- _RAW DATA_

⟨

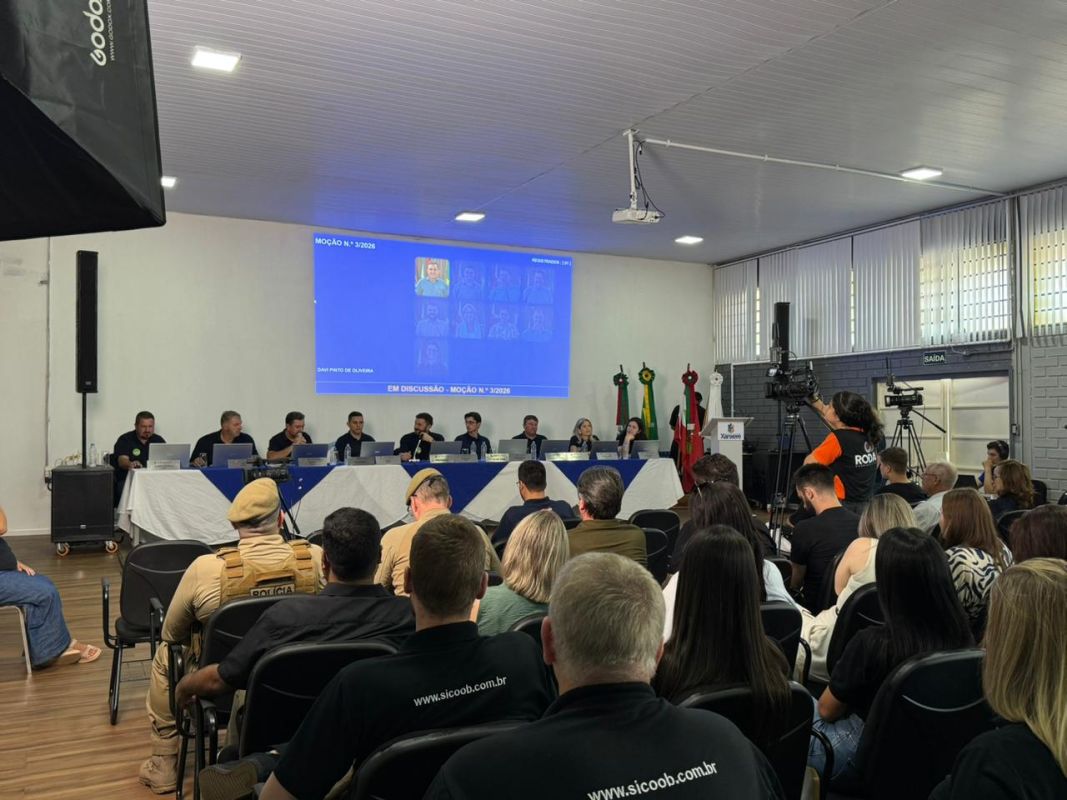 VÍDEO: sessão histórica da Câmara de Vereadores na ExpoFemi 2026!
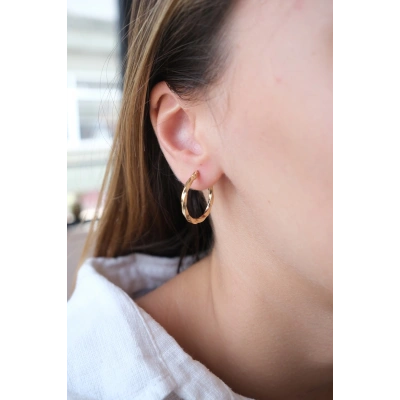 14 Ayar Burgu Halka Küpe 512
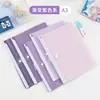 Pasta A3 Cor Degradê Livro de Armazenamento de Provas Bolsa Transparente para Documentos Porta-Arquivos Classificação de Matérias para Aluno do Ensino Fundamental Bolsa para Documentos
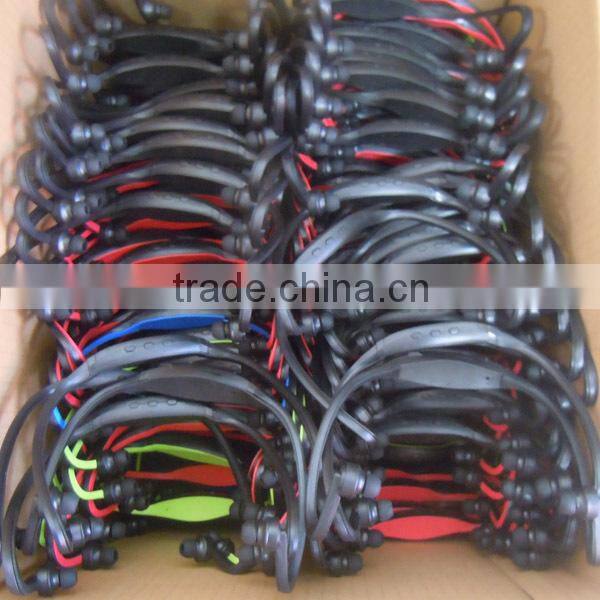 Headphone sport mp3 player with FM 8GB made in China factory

⟩

- _GOAL OF THE EXERCISE_
What lines above run from the one with "14 Ayar Burgu Halka Küpe 512" to the one with "Pasta A3 Cor"? Give them again exactly, ends included, and leave the pictures out.

- _ANSWER BOX_
 14 Ayar Burgu Halka Küpe 512
 Pasta A3 Cor Degradê Livro de Armazenamento de Provas Bolsa Transparente para Documentos Porta-Arquivos Classificação de Matérias para Aluno do Ensino Fundamental Bolsa para Documentos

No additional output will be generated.